Working memory is the part of the architecture I think most about. It does not store. It selects, from the existing graphs, every cycle, using five signals: relevance (Jaccard plus entity overlap), source confidence, recency under ACT-R decay, drive modulation, and spreading activation. The selected payload is wrapped between sentinel markers and injected into the deliberation system prompt verbatim. There is a 30-second hot residual layer with 0.80-per-cycle decay for short-term continuity. Episodic memory has a 50-slot ring buffer with an encoding gate that fires only when both attention and arousal are at or below 0.15. Calm states get encoded; frantic ones do not.

Self-pathology detection

Five attractor detectors run continuously and surface alerts to the dashboard:

Type 2 Addict: LLM ratio above 0.90 (the system stopped graduating)
Hallucinated Knowledge: non-experiential WKG ratio above 0.20 (provenance is drifting toward LLM-generated)
Depressive Attractor: composite of shrug rate, MAE, and sadness/anxiety above 0.60
Planning Runaway: failure ratio above 0.70
Prediction Pessimist: rolling MAE above 0.30

Each one watches for a specific pathology of this architecture, with a specific threshold and a specific intervention path through the Supervisor. They are not generic observability; they are an immune system against the failure modes the architecture itself opens up.
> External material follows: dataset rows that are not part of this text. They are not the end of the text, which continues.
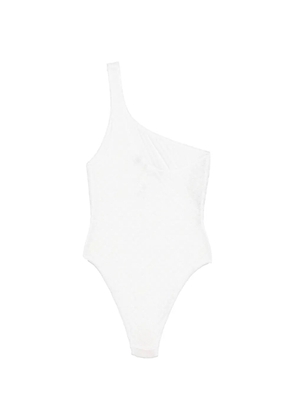 Missoni one-shoulder swimsuit - White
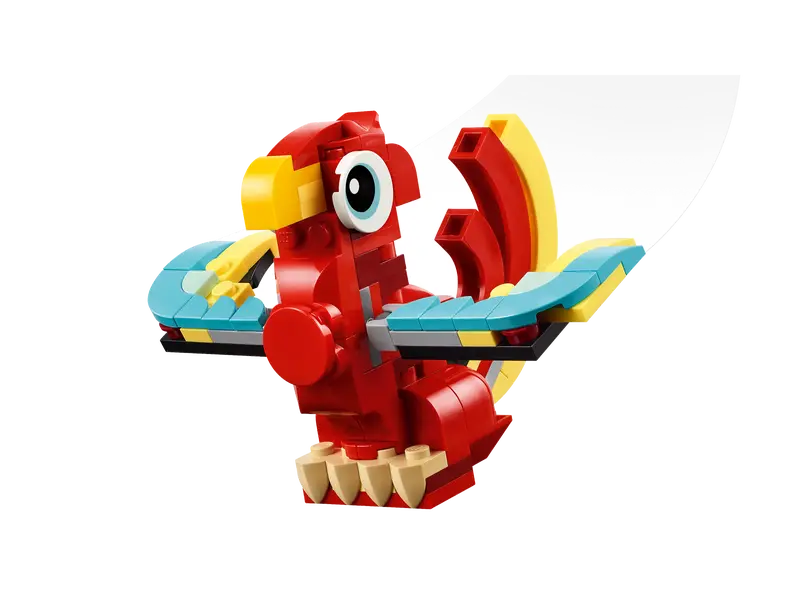 Creator 3-in-1-Roter Drache (31145)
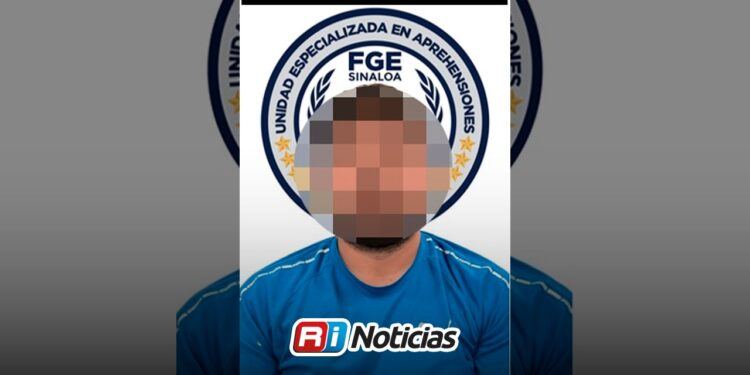 Ejecutan orden de aprehensión contra probable responsable de robo violento a comercio en Culiacán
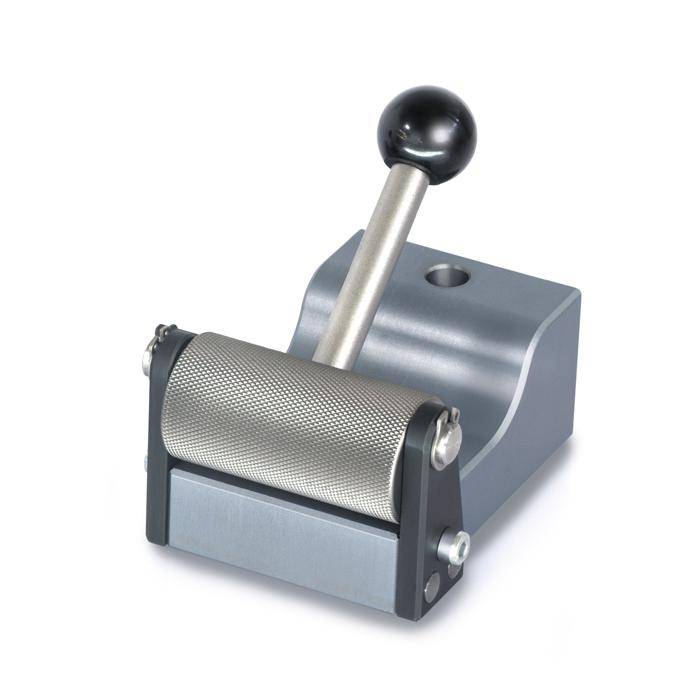 Spannklemme - Rollenspannform - max. Belastung 5 kN - max. Objektbreite 50 mm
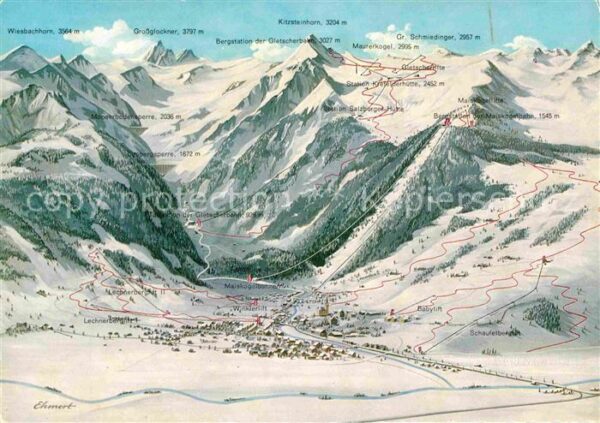 Kaprun Skigebiet Lifte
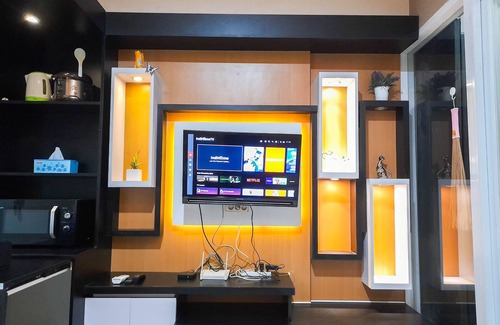 Catur Tunggal Apartment | Comfortable And Homey 1Br At Uttara The Icon Apartment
Theater Prohibition as a type-level invariant

Subsystems do not call each other directly. They communicate through a TimescaleDB events table with a compile-time-enforced ownership map (EVENT_BOUNDARY_MAP: Record<EventType, SubsystemSource>). Every SylphieEvent carries a mandatory driveSnapshot. Every ActionOutcomePayload carries a mandatory actionId and theaterCheck.

Translation: an expressive output without a corresponding drive state will not type-check. The system cannot perform an emotion it does not have, because the event for that emotion cannot be constructed without the snapshot that proves it. Theater Prohibition (Constraint Canon Standard 1) is enforced three times: at the type level, at the drive-engine pre-flight before reinforcement, and at the planning constraint validator before procedure creation. The chatbot tradition of "say something warm here" is foreclosed by the type system before it can land in a prompt.
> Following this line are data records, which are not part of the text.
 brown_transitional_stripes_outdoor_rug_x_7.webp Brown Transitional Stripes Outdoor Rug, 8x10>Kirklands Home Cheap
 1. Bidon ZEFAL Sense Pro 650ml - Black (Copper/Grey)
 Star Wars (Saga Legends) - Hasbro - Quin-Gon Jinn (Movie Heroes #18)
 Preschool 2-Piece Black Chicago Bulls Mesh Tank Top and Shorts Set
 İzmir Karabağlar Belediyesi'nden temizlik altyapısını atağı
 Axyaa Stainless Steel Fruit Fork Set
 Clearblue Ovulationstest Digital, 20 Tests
The Inner Monologue panel in the dashboard reads the TimescaleDB events verbatim. There is no LLM re-summarization between source and UI. What you see is what the system did.
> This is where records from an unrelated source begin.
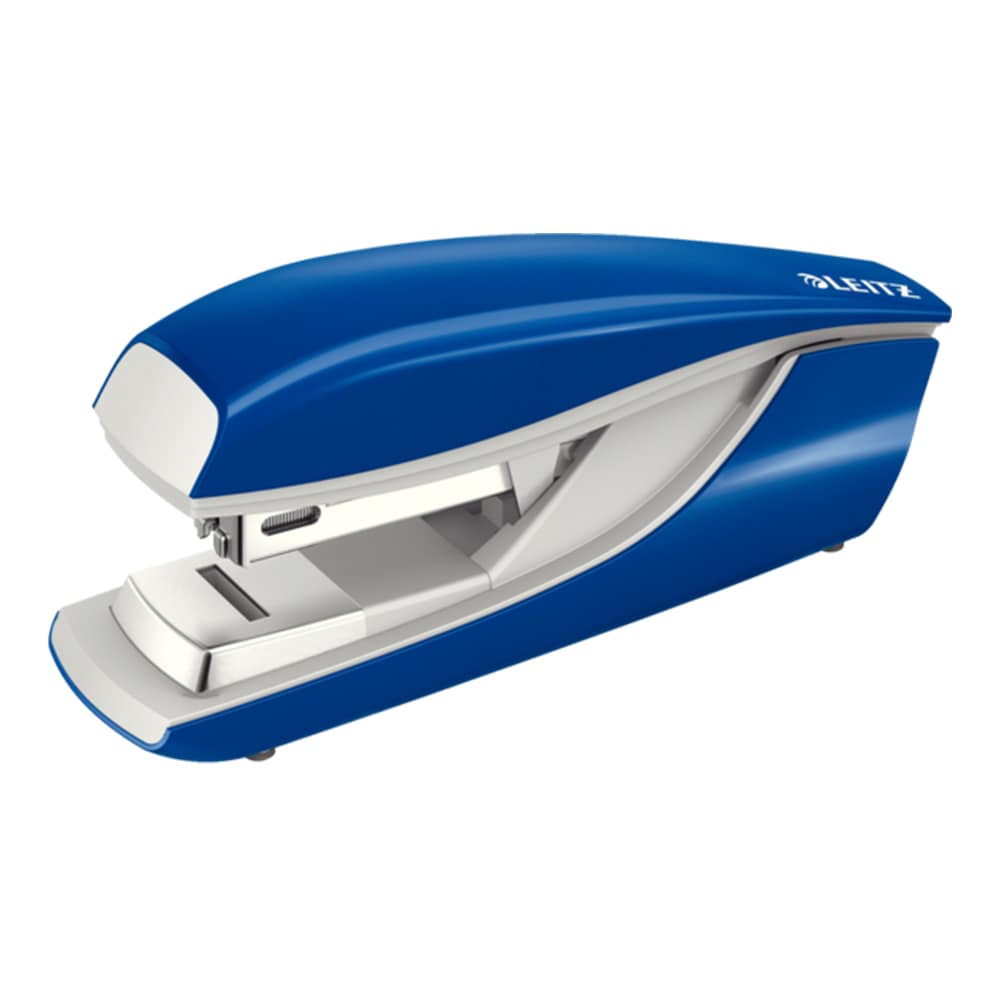 Capsator LEITZ 5505, 24/6; 26/6, 30 coli, albastru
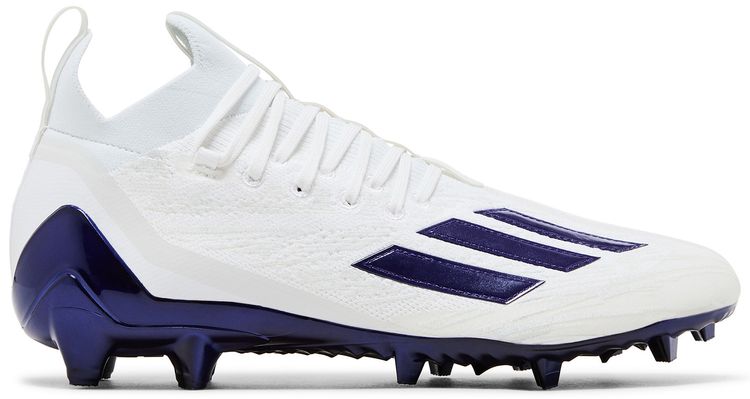 Adidas Adizero Primeknit Cleats White Purple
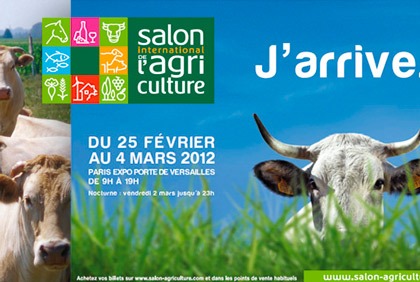 Salon de l`agriculture de Paris 2012: le retour de la Côte d`Ivoire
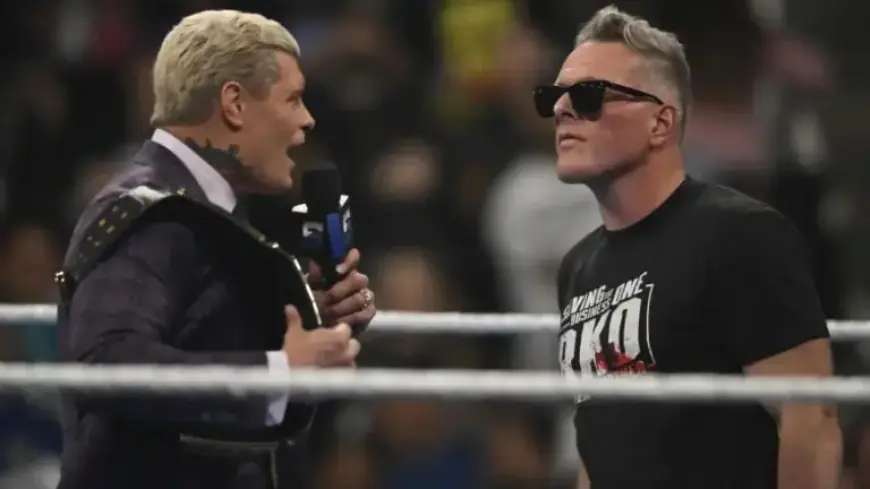 Cody Rhodes Shatters Pat McAfee’s Set, Reclaims WWE Title Before WrestleMania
What is honestly not yet real

Phase 1.5. The spec calls out its own scaffolding:

EWC scaffolding present, currently a no-op. The Fisher information is uniform with no anchor. Catastrophic interference is mitigated structurally (by MERGE-raises-only confidence, by per-provenance decay, by a structural-node pruning floor), but proper continual-learning machinery is not yet wired in.
Tensor cognition is in shadow / audit, not driving production decisions. The promotion ladder is built; the tensor has not been promoted.
Several Supervisor intervention endpoints are stubs. reinforce, correct, and freeze_model are HTTP routes without bodies; boost_salience is not implemented.
No graph pruning beyond confidence-floor orphan removal. Guardian-protected and structural nodes are preserved by policy, not by a learned policy.
N+1 queries flagged in ActionRetrieverService. Known, deferred until retrieval ranking stabilizes.

The system flags its own stubs in the spec and in code rather than papering over them. That is itself a Phase 1.5 commitment: the next phase begins by making each of those a yes.

The forward direction follows the thesis. Today, Type 2 deliberation runs through multiple LLMs in a focus-group pattern. The path to closing the loop is replacing those LLMs with three specialized tensor pipelines (pragmatist, conservative, advocate) that have already shadowed the LLM panel long enough to earn promotion. When that lands, the last LLM dependency in the cognitive path is gone, and the headline metric (share of decisions made without calling a language model) finishes climbing.